There are a lot of very interesting podcasts out there that I like to listen to, as much as time allows me to do so. But I noticed that I don't recall much out of them and I feel the need to go through them again. It would be great if all podcasts came with a transcript, so I can quickly revisit the parts that interest me. Unfortunately, making transcripts to your podcasts can be quite expensive, which is why most authors don't do so or put them behind a paywall.
With this in mind, I tried to find my own solutions for this problem. With the spread of services like Amazon Transcribe and Google Cloud Speech-to-Text, I figured this would not be difficult to make. I was not sure how much would it cost to use these services and how difficult it would be to use them, but I was willing to give it a try.
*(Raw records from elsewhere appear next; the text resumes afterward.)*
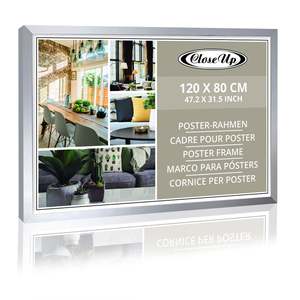 Silver 80 X 120 cm Glass Frame <b>Poster</b> for Displaying Artwork and Photographs - Product Image 1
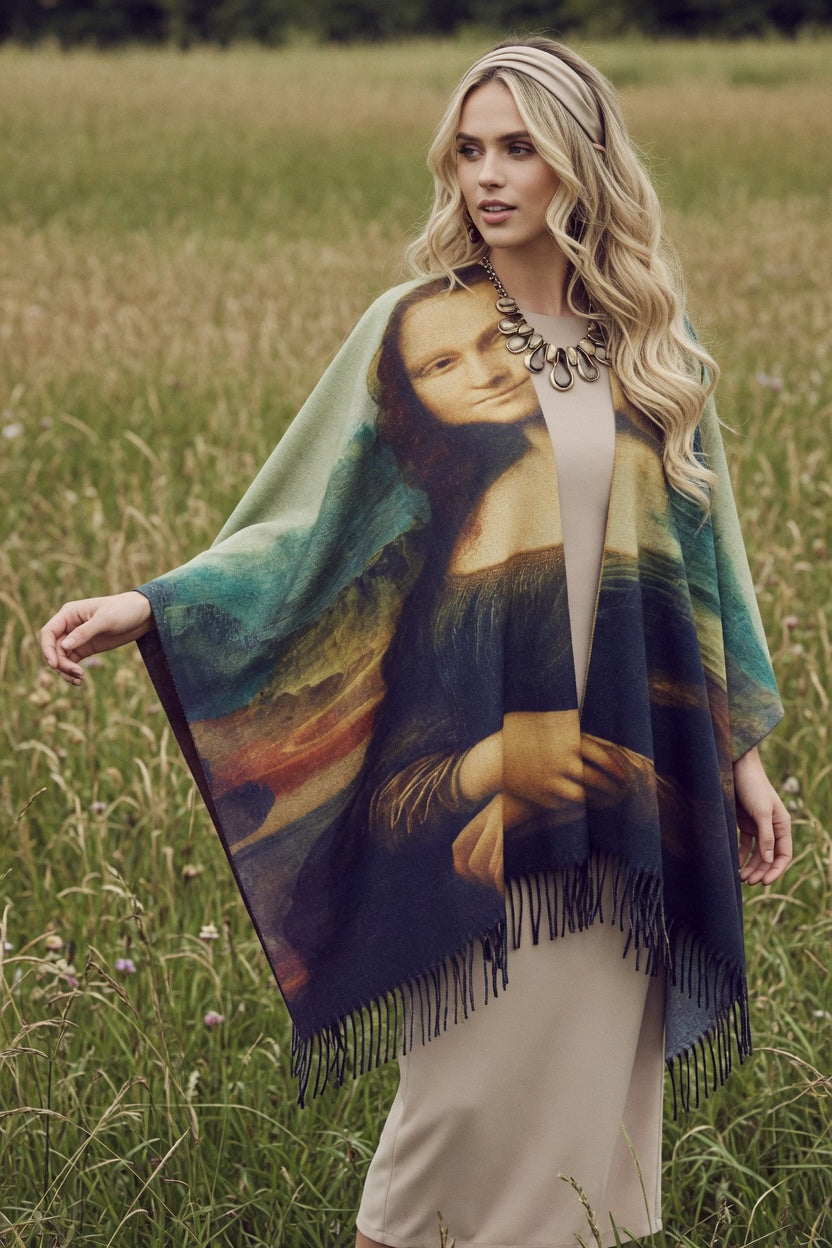 Mona Lisa Art Ruana – Timeless Portrait Wrap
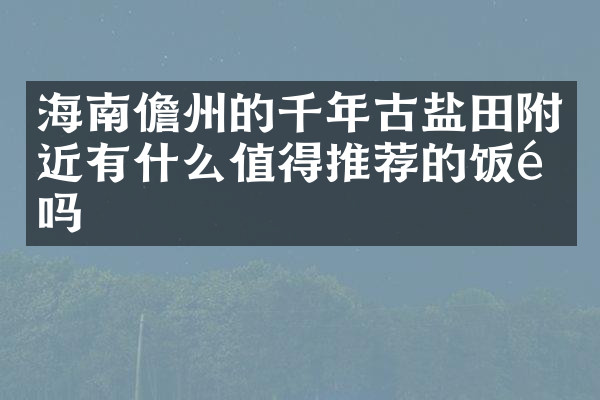 海南儋州的千年古盐田附近有什么值得推荐的饭馆吗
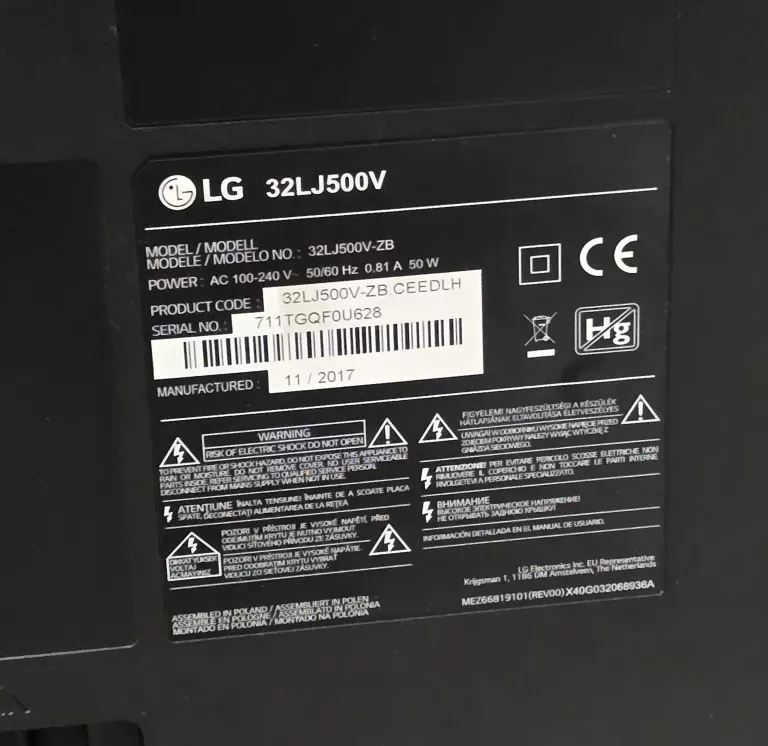 TELEWIZOR LED LG 32LJ500V 32' FULL HD - DVBT-2! *CZYTAJ OPIS*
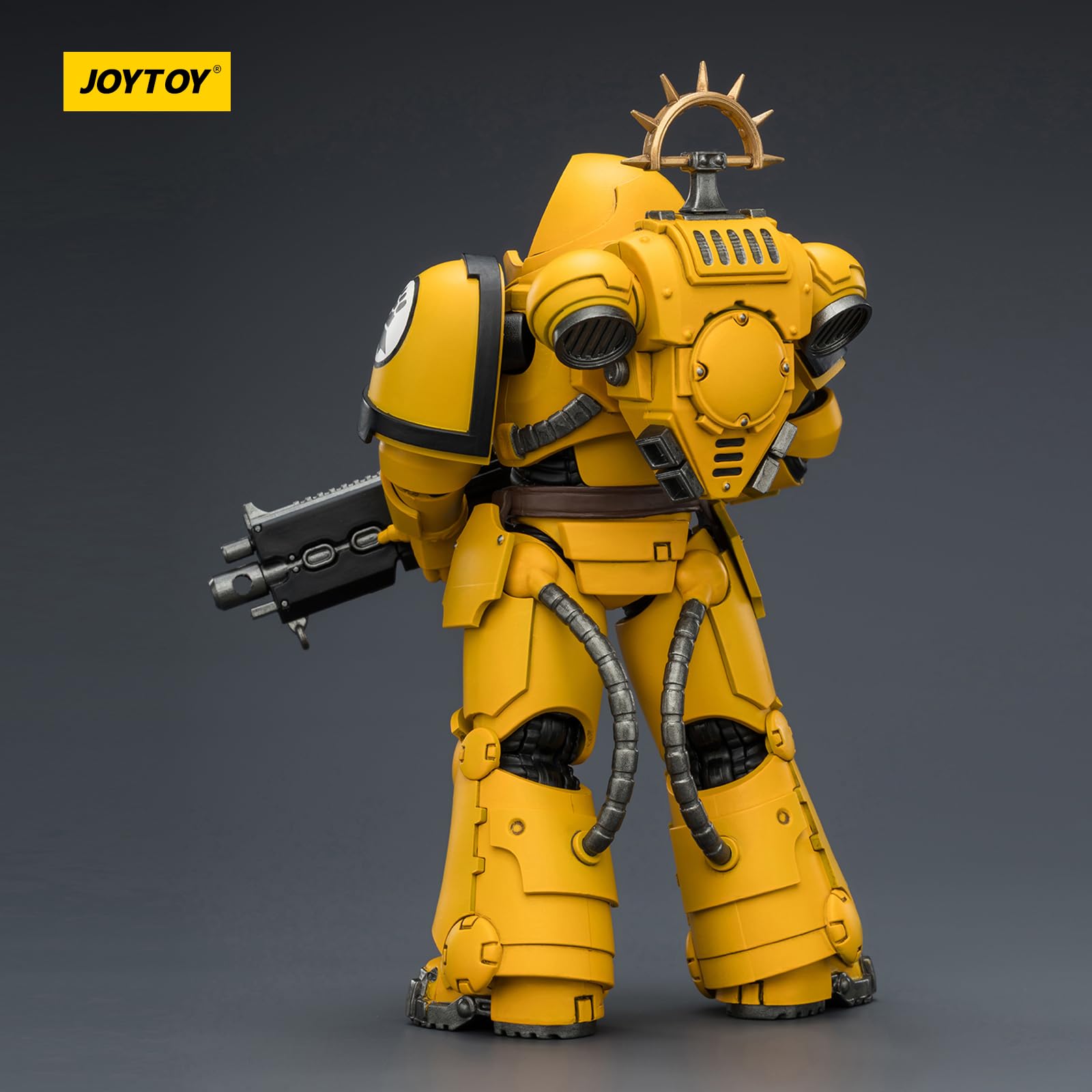 JOYTOY Warhammer 40k Space Marine 2, Game Edition Imperial Fists, intercesor pesado con rifle de perno pesado y pistola de perno 1/18, figura de acción para coleccionar y mostrar modelo
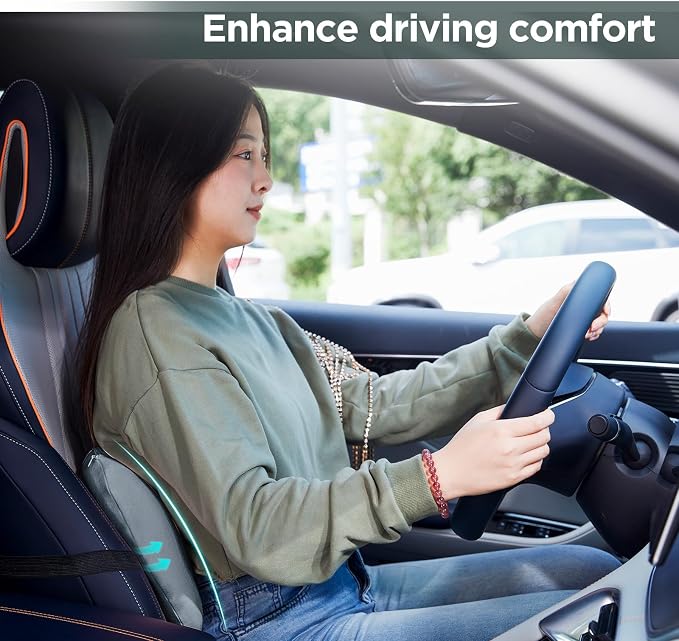 Lumbar Support Pillow for Office Chair, Memory Foam Car Back Cushion | Lumbar Pillow Lower Back with Adjustable Straps, Ergonomic Chair Back Pillow for Office, Car, Gaming Chairs and Bed - Image 4
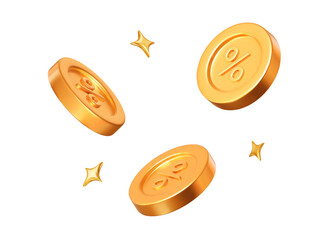 3d flying golden coins with percent sign with stars. Stock vector illustration on isolated background.  © Игорь Жуков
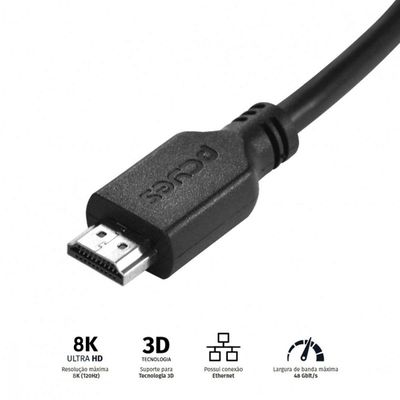 Cabo Hdmi Ultra 2.1 28Awg Puro Cobre 8K 1 Metro - Phm21-1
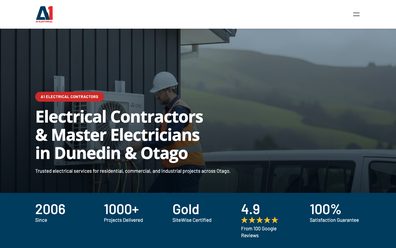A1 Electrical website on desktop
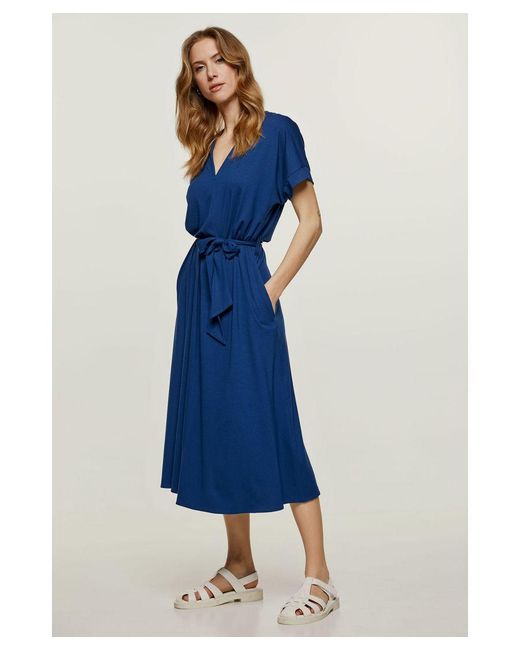 Conquista Blue Jersey Belted Midi Dress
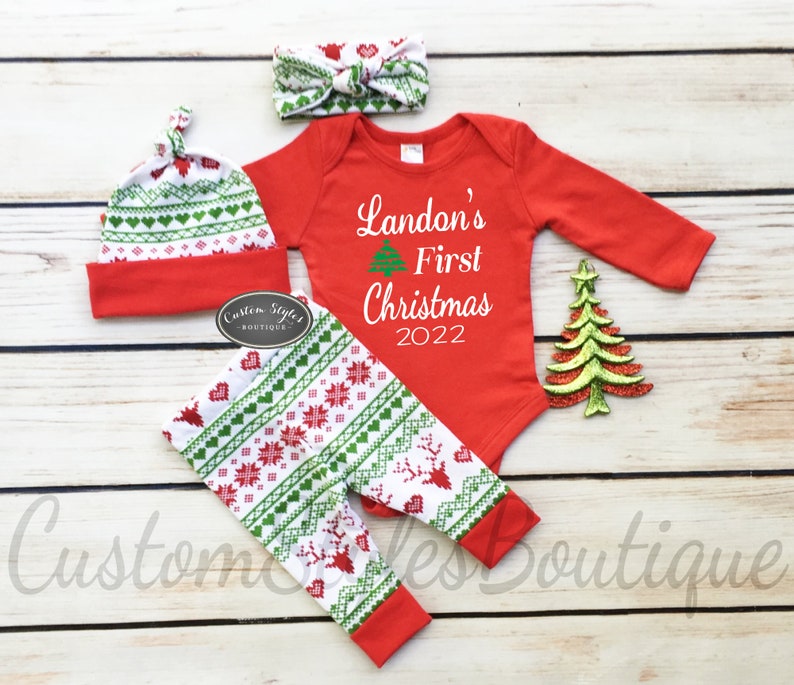 Gender Neutral First Christmas Outfit, Red Infant Bodysuit, Red and Green Leggings, Hat and Headband With Red Cuffs, Baby's 1st Christmas 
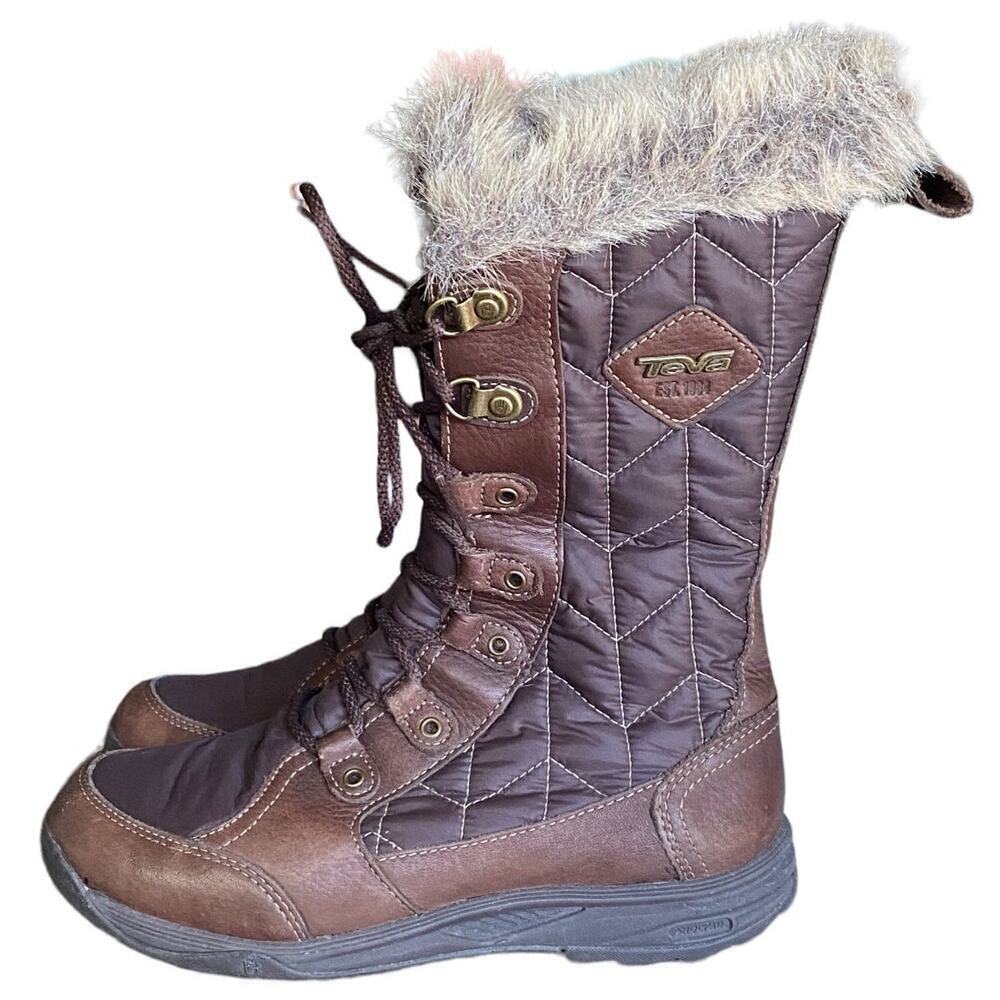 Teva Lenawee Waterproof Thinsulate Faux Fur Winter Snow Boots  Womens 5.5 Brown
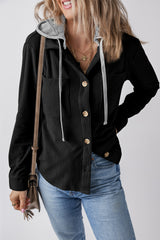 Black Hooded Drawstring Pockets Corduroy Shacket Jackets JT's Designer Fashion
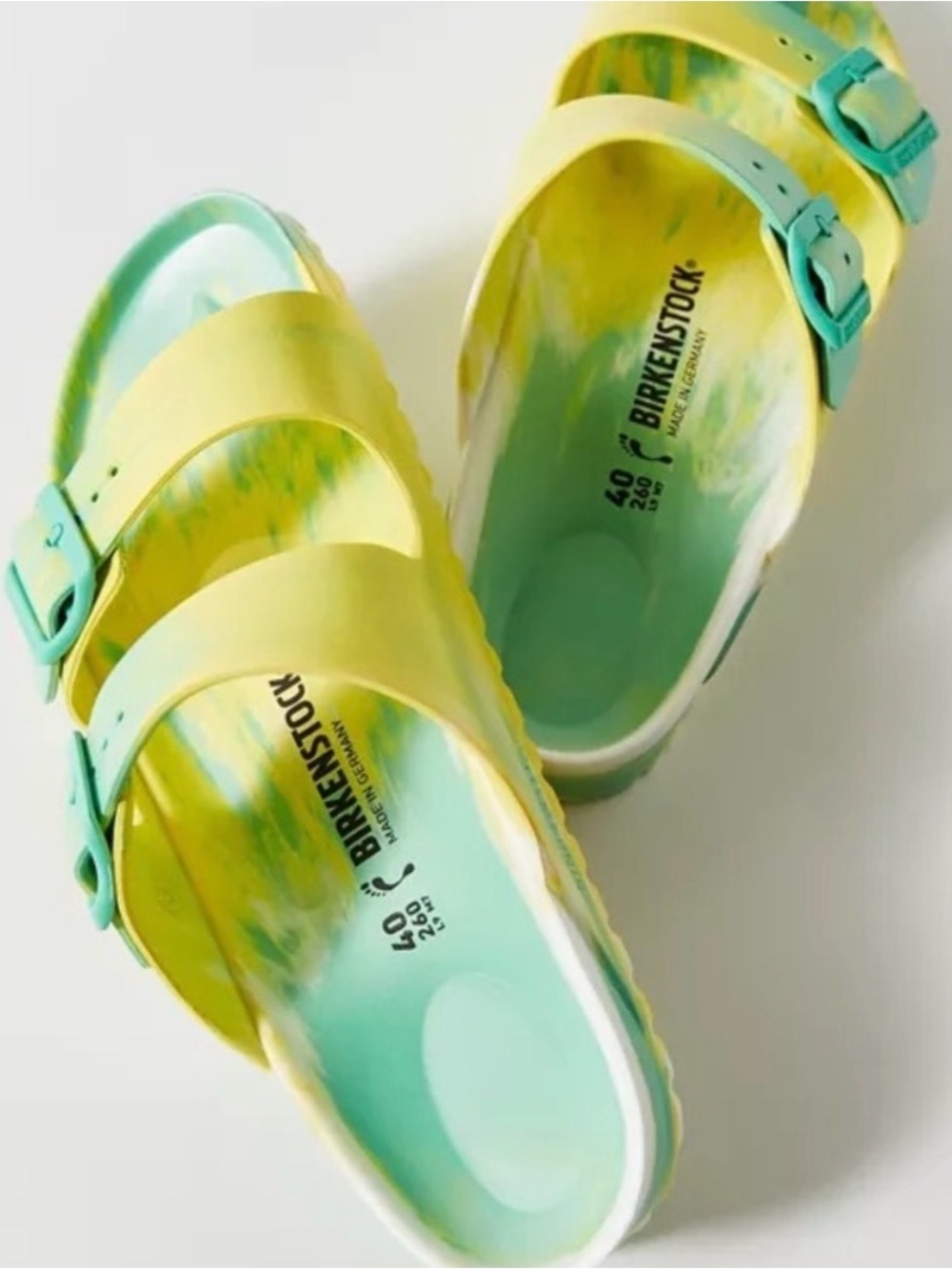 Birkenstock Arizona Eva slides in yellow/green marble swirl, size 38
After some googling, I found a solution already implemented that was almost what I was looking for: a series of Lambda functions that would show a form to upload a podcast file to an S3 bucket and trigger a transcription job on Amazon Transcribe for the podcast file. When the transcription would be finished, another Lambda function would take the transcript and send it to me by email. And this solution was already implemented by Chris Kalafarski in his repo serverless-transcribe. I want to thank Chris for taking the time to make this implementation and sharing it with everyone, it is very useful!❤️🙇♂️
So I only had to deploy it in my AWS account using the SAM CLI and in 5 minutes I was good to go. Even more, it would only cost me if I would use it, since the setup relies on Lambda functions and those generate costs only when you actually use them. Most of the costs would be for the actual transription service, Amazon Transcribe, that costs 0.0004 USD per second of transcribed audio (at the time of writing), which for a 45 minutes podcast would come up to 1.07 USD. Which is more than decent, since I don't listen so many podcasts every month and from the ones I listen, not so many are so dense that I feel the need of a transcript.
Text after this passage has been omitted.